Summer is an odd time for teachers.  It is somewhat vacation but I can never help but think constantly about next year.  Now in my 13th year of summer’s I notice that each year the thoughts and planning are a bit different.  This year I was wrestling with how to involve more choice in projects.  As someone who likes detailed planning this feels a bit like launching off a cliff into the unknown.  I know my students need scaffolding and guidance but I also know that choice will help their by-in and motivation so embracing both of those simultaneously is a challenge for my brain.  I am reminded that in yoga we work to embrace the effort and ease in a pose simultaneously.

After not thinking about school for a few weeks of summer I have been incredibly inspired lately in the most unlikely of places.  In a home-goods store in my hometown I saw this beautiful book “Biophilia” by Christopher Marley.  After a night of delving deep into the Internet on the topic that I found this amazing interdisciplinary curriculum by Bjork connected to her album “Biophilia”.   Then I read my Free Will Astrology Horoscope from last week and learned about Darwin’s book “The Formation of Vegetable Mould Through the Action of Worms”.

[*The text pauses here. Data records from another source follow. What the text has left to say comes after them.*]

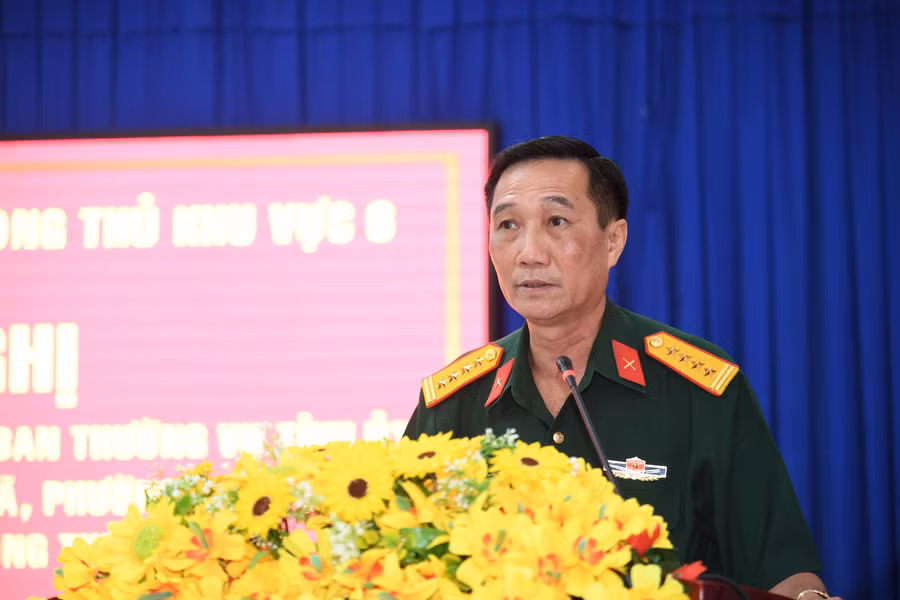 bi-thu-ag.jpg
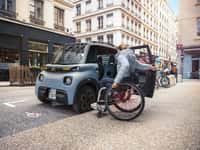 Plus besoin de place PMR (personne à mobilité réduite) pour les utilisateurs de l'Ami for All. © Citroën, PIMAS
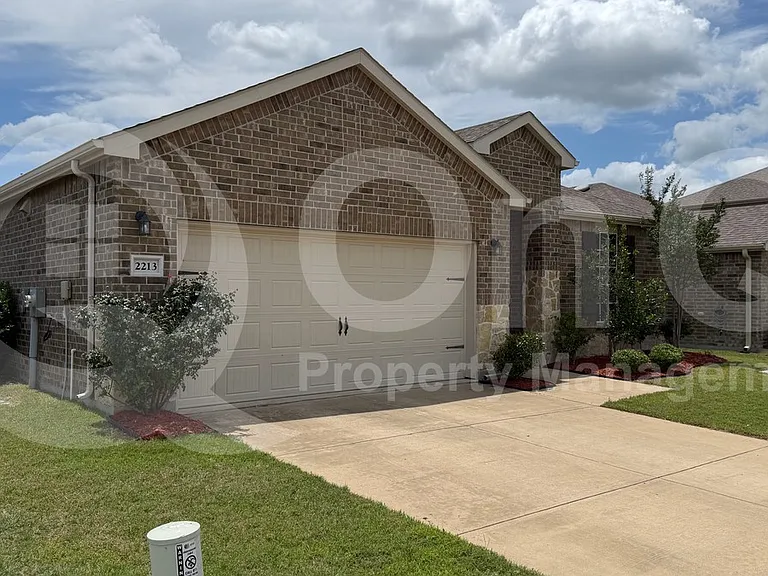 2213 Heaton St — Photo 4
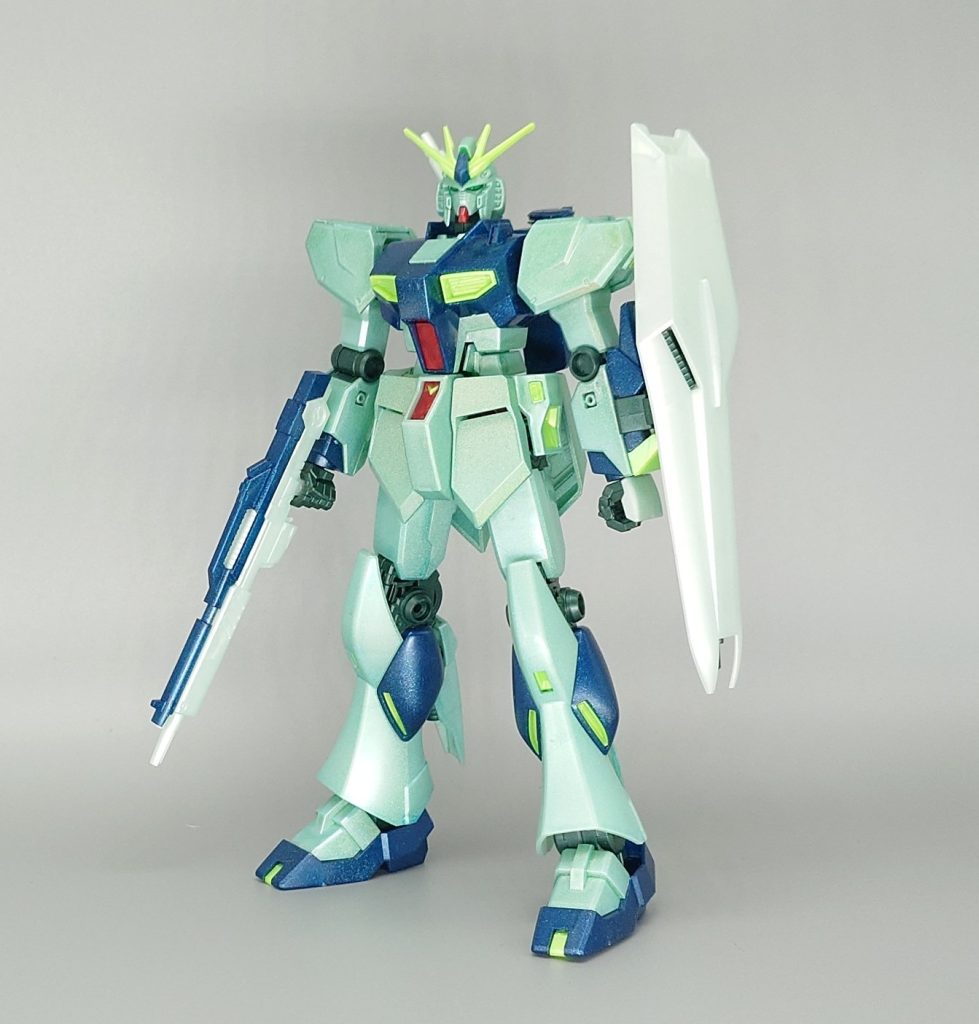 塗装自体は成功でしたが、思っていたより色が濃く、イメージ通りではなかったので失敗です。いずれ塗装を落として再塗装すると思います。月光蝶ホロシルバーを混色して緑を薄くするか、クリスタルカラー トルマリングリーン、ターコイズグリーンあたりが今の候補です。ライフルとシールドをホログリーンで塗装していないのは、サイコフレームを搭載していないからです(本体フレームの一部のみの認識です)。 サイコフレームが発光するアクシズ押し返し時はそもそも装備していませんが⋯。サイコフレームホログリーンはペン先を上に向けて左(時計回り)に回して開封(※)。スーパークリアーIII UVカット 光沢とメタリックマスターで薄めてエアブラシで吹きました。これが練習内容です(非推奨)。※大体、時計回りは閉まる方が多いので逆ですね。開けられたくない時に多い印象です。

Somehow these disconnected topics seemed to all come together. Science at its core is an appreciation of the natural world.  Noticing the art in it, organizing it, observing infinitesimal changes made by worms in soil to allow mould and eventually all plants to grow in soil these are at the core of what science is all about.  Starting with this will allow for choice. It will set the stage and hopefully inspire.  It will be… (insert educational trend words of the moment)  the big idea, the theme, the unifying concept, the essential question, the guiding principle.

Suddenly the beginning of the year is taking shape; for 9th and 10th grade biology begins with collecting seeds, bugs, leaves or other similar organisms or structures of organisms for an art project. Students will write a paragraph (curatorial comments) with their piece and how it is related to classification of living things.  Maybe we will work on this with an elementary school class.  Maybe we will hold an All-Island Art Show.  Throughout we can reading excerpts from Darwin’s book as we are introduced to and practice the Reciprocal Teaching reading comprehension strategies we use throughout the year. Designing experiments on mould as we investigate soil science in the garden to understand the scientific method.  My 11th grade chemistry class starts with soil science to understand properties of matter so this may spill over to their work as well.

Teaching is both an art and science and the more I teach the more the art part comes through.  This is hard to explain, this planning is messy and not easy to replicate.  It is not scalable or measurable and though it makes the scientist in me quiver maybe it is for the best.